WHAT TO PRODUCE: After locating the line that contains "this 474×355 image.", quote it and all lines after it through the end of the entries, and nothing more. Pictures stay out.

(Records from a collection)
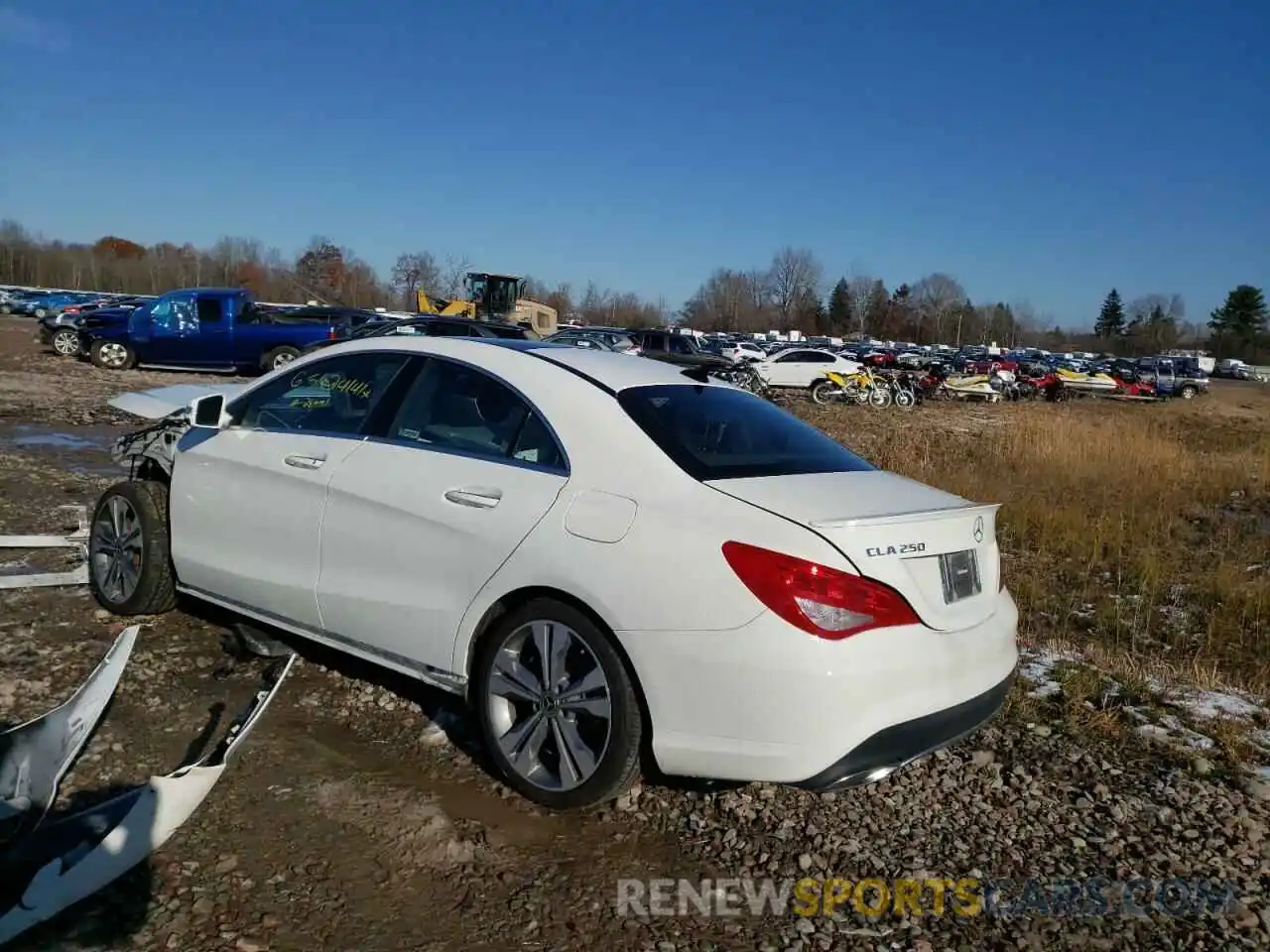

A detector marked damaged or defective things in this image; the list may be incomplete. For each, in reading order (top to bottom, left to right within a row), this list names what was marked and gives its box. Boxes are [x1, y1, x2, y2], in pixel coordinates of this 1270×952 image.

detached bumper piece [0, 506, 90, 587]
damaged front end [0, 627, 296, 944]
detached bumper piece [0, 631, 296, 944]
detached bumper piece [794, 670, 1012, 797]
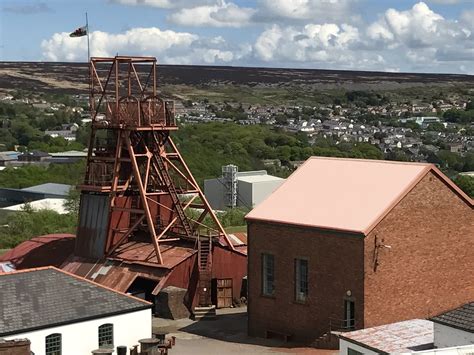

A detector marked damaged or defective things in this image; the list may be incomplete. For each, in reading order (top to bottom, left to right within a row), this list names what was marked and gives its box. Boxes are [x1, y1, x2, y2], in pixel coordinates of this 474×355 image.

rusty steel headframe [78, 55, 235, 266]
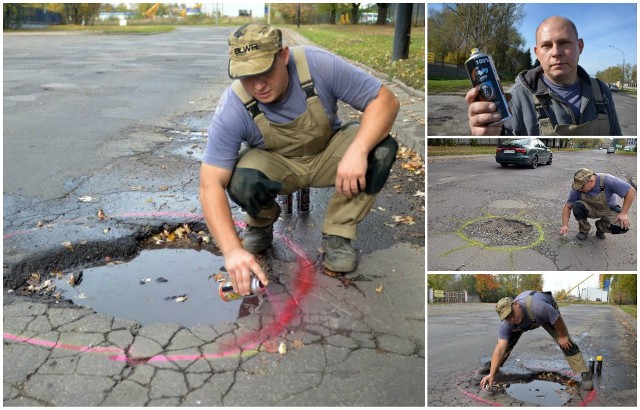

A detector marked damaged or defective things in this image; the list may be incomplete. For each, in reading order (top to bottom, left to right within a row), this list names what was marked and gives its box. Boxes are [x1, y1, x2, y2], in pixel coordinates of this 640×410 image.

cracked asphalt [5, 27, 428, 406]
water-filled pothole [460, 218, 540, 247]
pothole [458, 218, 544, 247]
cracked asphalt [428, 150, 636, 272]
water-filled pothole [53, 248, 264, 328]
pothole [52, 247, 266, 326]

REPLY TO THE TASK:
A detector marked damaged or defective things in this image; the list may be incomplete. For each, in reading order (top to bottom, left to right within a row), this list names what was marked and gives its box. Boxes are [x1, y1, x2, y2], in pixel coordinates of this 474×355 image.

rusty steel headframe [78, 55, 235, 266]

A detector marked damaged or defective things in this image; the list may be incomplete. For each, in reading order (top to bottom, left to right within a row), this list names what was marked and gives its box. Boxes are [x1, y1, x2, y2], in pixel coordinates of this 640×410 image.

cracked asphalt [5, 27, 428, 406]
water-filled pothole [460, 218, 540, 247]
pothole [458, 218, 544, 247]
cracked asphalt [428, 150, 636, 272]
water-filled pothole [53, 248, 264, 328]
pothole [52, 247, 266, 326]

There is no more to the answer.